Nous attendons, Monsieur le Président, de vous du courage pour ne
pas tomber dans le piège d’une repentance que vous avez malheureusement
commencé à amorcer par vos reconnaissances des journées du 17 octobre 1961 et
du 19 mars 1962, sans que les victimes Pieds-Noirs et
Harkis ne fassent l’objet d’un mot de compassion de votre part.
Ce courage doit vous amener à exiger de l’Algérie qu’elle accomplisse,
aussi, son chemin de vérité, qu’elle fasse, pour l’histoire mais aussi pour
elle-même, la lumière sur le massacre, dans des conditions indescriptibles, de plus
de 100 000 Harkis, sur l’enlèvement et l’assassinat de plusieurs milliers de
Français d’Algérie, hommes, femmes et enfants qui ont vécu le martyre.

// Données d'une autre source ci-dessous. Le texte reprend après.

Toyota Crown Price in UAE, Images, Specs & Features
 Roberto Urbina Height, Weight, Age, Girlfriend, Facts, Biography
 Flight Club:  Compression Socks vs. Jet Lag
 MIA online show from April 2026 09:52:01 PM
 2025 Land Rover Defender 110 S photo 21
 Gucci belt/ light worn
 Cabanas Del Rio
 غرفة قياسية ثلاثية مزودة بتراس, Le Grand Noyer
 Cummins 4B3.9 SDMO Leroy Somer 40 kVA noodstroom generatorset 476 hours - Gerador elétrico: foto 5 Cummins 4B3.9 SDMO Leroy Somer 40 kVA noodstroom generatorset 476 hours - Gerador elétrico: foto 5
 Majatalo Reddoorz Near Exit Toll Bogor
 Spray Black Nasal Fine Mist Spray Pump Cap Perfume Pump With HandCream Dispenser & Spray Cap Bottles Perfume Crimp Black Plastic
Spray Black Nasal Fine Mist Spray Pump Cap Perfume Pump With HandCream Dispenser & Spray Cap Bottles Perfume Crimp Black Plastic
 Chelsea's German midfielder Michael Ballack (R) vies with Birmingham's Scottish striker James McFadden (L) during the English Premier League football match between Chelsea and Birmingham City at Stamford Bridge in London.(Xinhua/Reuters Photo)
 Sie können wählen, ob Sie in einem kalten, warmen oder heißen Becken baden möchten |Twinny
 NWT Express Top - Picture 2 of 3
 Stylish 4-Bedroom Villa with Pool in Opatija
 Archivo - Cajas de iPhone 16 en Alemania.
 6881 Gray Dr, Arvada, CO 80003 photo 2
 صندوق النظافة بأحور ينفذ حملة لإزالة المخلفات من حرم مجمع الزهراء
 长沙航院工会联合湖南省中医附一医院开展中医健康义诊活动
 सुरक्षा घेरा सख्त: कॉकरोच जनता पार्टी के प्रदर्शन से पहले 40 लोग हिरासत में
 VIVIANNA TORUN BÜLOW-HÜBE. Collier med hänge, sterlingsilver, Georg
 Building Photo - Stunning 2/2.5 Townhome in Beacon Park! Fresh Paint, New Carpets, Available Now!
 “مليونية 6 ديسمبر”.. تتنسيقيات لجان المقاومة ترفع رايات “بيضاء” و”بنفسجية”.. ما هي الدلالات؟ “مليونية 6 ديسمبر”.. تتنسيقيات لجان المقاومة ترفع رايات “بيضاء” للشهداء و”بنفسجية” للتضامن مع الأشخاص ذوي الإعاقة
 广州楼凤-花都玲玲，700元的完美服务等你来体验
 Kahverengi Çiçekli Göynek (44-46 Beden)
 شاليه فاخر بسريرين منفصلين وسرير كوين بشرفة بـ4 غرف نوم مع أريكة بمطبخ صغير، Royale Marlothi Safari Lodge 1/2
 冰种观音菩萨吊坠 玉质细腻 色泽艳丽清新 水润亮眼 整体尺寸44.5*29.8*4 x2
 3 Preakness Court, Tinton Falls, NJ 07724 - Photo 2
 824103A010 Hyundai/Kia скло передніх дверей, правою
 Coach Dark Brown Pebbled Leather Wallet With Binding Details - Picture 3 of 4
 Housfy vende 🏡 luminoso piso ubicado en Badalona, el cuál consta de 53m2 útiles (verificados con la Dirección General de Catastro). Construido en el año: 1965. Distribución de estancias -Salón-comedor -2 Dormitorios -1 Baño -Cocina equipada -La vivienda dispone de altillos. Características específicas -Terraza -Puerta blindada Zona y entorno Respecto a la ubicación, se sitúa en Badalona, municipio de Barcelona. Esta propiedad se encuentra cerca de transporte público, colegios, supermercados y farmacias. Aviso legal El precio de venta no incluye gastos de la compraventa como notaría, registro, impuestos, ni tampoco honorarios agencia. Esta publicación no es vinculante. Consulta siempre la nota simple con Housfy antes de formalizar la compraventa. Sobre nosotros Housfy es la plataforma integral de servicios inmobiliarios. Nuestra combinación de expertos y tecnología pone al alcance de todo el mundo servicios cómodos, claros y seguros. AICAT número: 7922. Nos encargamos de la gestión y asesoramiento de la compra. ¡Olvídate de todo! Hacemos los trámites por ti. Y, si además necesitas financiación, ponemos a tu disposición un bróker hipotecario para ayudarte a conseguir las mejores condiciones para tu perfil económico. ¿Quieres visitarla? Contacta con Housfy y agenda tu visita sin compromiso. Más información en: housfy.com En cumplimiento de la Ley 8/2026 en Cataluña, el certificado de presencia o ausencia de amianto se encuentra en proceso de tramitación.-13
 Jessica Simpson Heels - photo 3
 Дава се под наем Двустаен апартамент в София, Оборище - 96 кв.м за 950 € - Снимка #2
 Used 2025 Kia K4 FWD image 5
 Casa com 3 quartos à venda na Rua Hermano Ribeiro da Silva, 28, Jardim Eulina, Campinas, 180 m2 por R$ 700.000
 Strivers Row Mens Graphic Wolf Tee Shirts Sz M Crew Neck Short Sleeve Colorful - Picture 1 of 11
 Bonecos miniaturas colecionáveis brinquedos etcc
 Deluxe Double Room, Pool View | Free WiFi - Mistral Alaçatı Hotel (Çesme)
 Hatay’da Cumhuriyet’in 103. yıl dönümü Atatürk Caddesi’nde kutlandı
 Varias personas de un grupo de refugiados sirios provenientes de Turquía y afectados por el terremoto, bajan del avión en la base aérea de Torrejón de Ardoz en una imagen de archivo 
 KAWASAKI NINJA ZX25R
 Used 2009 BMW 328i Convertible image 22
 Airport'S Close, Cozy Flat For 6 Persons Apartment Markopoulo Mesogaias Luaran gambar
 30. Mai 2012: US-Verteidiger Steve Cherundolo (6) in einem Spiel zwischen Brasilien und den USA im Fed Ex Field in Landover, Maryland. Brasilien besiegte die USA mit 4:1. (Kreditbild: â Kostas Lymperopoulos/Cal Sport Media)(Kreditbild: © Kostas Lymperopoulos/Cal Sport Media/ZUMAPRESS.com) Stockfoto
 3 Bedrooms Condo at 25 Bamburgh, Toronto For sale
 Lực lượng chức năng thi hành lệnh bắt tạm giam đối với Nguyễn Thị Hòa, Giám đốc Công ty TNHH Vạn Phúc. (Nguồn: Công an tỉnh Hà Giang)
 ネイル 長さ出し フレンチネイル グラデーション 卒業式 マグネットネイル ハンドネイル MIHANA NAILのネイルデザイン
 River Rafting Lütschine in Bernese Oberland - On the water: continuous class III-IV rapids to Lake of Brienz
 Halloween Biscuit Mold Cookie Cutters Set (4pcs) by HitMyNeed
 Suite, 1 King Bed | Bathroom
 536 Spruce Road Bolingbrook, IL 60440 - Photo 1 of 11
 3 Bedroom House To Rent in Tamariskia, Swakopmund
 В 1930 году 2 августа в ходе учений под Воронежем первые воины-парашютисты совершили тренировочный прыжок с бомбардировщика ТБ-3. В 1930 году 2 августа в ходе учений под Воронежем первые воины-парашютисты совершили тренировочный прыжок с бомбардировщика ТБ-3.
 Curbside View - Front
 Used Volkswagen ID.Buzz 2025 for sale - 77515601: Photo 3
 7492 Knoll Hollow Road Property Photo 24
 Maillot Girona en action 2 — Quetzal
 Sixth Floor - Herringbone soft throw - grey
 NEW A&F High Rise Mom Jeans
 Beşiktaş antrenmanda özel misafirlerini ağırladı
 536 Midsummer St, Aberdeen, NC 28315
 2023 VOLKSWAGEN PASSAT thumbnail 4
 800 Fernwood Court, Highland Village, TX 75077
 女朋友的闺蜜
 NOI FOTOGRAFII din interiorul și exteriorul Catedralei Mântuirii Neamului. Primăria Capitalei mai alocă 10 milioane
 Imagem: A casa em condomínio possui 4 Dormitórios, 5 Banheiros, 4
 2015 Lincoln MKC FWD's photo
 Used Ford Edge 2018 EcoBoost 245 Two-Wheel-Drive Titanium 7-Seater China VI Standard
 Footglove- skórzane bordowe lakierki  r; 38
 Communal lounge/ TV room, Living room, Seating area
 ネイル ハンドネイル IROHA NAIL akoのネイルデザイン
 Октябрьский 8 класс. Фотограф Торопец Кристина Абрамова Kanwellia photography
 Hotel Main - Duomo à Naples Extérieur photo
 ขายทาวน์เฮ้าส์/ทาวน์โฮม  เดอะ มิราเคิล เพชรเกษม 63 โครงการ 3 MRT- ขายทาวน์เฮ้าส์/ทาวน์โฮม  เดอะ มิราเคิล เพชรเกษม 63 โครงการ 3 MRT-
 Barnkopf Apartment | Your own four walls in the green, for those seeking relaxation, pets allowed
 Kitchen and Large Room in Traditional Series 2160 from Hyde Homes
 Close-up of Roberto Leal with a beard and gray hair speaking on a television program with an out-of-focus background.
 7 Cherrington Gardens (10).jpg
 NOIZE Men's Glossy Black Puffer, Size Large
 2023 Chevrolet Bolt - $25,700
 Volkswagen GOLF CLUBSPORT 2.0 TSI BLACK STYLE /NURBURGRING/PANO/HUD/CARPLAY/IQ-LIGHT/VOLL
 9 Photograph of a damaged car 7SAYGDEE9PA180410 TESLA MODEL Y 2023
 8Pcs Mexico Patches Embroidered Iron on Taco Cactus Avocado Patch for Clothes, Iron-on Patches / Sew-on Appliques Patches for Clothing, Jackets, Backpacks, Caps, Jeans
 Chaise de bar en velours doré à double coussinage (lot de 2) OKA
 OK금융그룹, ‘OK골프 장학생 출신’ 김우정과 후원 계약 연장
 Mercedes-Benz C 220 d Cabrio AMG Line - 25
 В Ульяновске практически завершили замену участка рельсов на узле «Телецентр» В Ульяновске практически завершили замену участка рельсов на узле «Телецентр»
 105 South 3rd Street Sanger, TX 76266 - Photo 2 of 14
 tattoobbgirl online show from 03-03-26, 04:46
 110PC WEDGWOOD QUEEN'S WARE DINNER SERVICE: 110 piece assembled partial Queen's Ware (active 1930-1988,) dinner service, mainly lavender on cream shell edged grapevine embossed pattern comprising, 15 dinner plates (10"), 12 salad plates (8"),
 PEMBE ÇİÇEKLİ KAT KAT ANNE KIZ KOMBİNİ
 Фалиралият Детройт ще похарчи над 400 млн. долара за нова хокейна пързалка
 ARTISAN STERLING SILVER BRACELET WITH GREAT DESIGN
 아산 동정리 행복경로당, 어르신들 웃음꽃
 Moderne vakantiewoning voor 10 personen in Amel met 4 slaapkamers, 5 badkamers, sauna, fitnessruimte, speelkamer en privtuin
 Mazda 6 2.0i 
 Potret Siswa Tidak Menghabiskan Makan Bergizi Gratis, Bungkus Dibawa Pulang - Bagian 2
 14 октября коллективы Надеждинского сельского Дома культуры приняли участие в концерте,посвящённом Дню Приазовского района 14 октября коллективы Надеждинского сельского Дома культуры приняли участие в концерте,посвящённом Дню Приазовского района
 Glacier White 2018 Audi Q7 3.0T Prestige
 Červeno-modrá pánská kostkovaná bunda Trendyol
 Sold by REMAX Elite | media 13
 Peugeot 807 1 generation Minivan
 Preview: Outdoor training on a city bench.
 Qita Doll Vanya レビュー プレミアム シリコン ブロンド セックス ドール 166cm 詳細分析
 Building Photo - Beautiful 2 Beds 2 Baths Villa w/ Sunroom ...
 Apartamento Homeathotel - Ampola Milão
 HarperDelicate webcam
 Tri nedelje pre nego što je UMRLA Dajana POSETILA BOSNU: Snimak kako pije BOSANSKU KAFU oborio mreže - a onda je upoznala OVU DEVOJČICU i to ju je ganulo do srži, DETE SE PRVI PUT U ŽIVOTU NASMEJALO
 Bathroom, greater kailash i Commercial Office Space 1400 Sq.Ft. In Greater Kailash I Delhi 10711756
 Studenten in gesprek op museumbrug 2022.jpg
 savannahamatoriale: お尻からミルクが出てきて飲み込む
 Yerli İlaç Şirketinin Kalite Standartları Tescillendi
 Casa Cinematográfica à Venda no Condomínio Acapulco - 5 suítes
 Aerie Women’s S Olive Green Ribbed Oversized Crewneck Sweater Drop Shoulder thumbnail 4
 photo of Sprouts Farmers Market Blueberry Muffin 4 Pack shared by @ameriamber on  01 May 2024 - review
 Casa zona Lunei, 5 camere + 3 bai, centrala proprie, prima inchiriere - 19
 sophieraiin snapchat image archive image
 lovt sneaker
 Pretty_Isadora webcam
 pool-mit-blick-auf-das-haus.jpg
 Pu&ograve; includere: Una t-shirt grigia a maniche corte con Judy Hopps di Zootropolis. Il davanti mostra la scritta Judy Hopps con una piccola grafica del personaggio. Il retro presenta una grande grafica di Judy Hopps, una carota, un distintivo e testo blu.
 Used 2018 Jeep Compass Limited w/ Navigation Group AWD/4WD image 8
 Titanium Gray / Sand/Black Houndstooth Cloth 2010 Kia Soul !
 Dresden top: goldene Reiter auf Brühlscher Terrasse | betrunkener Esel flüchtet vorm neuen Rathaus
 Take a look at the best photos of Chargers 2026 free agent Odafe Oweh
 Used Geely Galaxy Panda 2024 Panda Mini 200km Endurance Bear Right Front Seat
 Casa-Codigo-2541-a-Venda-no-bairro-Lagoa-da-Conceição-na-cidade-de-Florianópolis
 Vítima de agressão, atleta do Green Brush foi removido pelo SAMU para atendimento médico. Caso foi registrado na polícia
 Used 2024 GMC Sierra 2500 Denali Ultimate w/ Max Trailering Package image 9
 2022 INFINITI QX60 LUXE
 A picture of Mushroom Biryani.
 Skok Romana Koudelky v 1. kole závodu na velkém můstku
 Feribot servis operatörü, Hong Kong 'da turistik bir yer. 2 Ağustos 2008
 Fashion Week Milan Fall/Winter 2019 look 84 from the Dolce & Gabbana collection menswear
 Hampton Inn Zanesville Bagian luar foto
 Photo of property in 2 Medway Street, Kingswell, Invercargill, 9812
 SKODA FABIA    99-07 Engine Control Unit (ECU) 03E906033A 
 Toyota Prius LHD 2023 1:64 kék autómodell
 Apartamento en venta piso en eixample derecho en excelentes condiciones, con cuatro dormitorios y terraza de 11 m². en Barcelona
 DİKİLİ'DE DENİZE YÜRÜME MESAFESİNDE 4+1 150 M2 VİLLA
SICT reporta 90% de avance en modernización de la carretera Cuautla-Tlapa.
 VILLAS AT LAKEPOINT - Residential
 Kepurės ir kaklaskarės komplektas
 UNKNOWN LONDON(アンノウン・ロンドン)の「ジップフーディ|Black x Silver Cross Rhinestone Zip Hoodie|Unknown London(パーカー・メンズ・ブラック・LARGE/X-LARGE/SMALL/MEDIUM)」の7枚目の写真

L’histoire ne s’écrit pas en noir et blanc. Nous, nous voulons toute
l’histoire et rien que l’histoire, tant nous sommes convaincus qu’une société
qui prend des libertés avec certains faits historiques incontournables commet
une injustice fondamentale.
Nous vous demandons de ne pas céder à la facilité d’une repentance qui
consacrerait une injustice infligée aux dizaines de milliers de victimes,
Harkis et Pieds-Noirs, condamnées à une seconde mort
dans l’espace symbolique de la mémoire, ainsi qu’une forme de double peine à
notre pays, en lui imposant un passé qui n’est pas le sien et un avenir incertain,
car on ne construit rien de bon sur le mépris de soi-même.
Nous vous prions d’agréer, Monsieur le Président de la République,
l’expression de notre considération.